Cleaved high molecular weight kininogen induces endothelial progenitor cell senescence in a ROS‐‐p38MAPK‐ p16INK4a signaling pathway and inhibits their vascular repair capacity

Objective We recently reported cleaved high molecular weight kininogen (HKa), a major plasma kallikrein‐kinin system (KKS) activation product, inhibits vasculogenic differentiation of endothelial progenitor cell ( EPCs) and accelerates their senescence (J Thromb Haemost 2010;8:185–93, FASEB J 2010;24:750.10). We further investigated the molecular mechanism for HKa induction of EPC senescence and examined the in vivo effect of HKa on EPCs. Methods and Results After treatment with HKa, EPCs displayed typical senescent morphology. HKa inhibited telomerase activity of EPCs, accompanied by an increase in the acidic β‐galactosidase‐positive cells.

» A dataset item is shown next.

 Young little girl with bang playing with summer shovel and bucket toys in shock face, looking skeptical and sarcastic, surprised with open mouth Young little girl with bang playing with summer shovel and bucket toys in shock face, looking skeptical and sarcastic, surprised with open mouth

HKa enhanced p38 kinase phosphorylation and prosenescence molecule p16 INK4a expression. Correspondingly, SB203580, a p38 inhibitor, attenuated HKa‐induced p16 INK4a expression and EPC senescence. Either N‐Acetyl‐Cysteine or Mn(III)tetrakis(4‐Benzoic acid)porphyrin Chloride, scavenger of reactive oxygen species (ROS), prevented HKa induction of EPC senescence. In a rat carotid artery injury model, HKa, administered into Lewis rats for 7 days, significantly suppressed the incorporation of exogenous EPCs into the denuded endothelium and delayed the reendothelialization. Conclusions HKa induces EPC senescence by activating the ROS ‐ p38 kinase ‐ p16 INK4a signaling cascade. The plasma KKS activation is possibly associated with EPC dysfunction.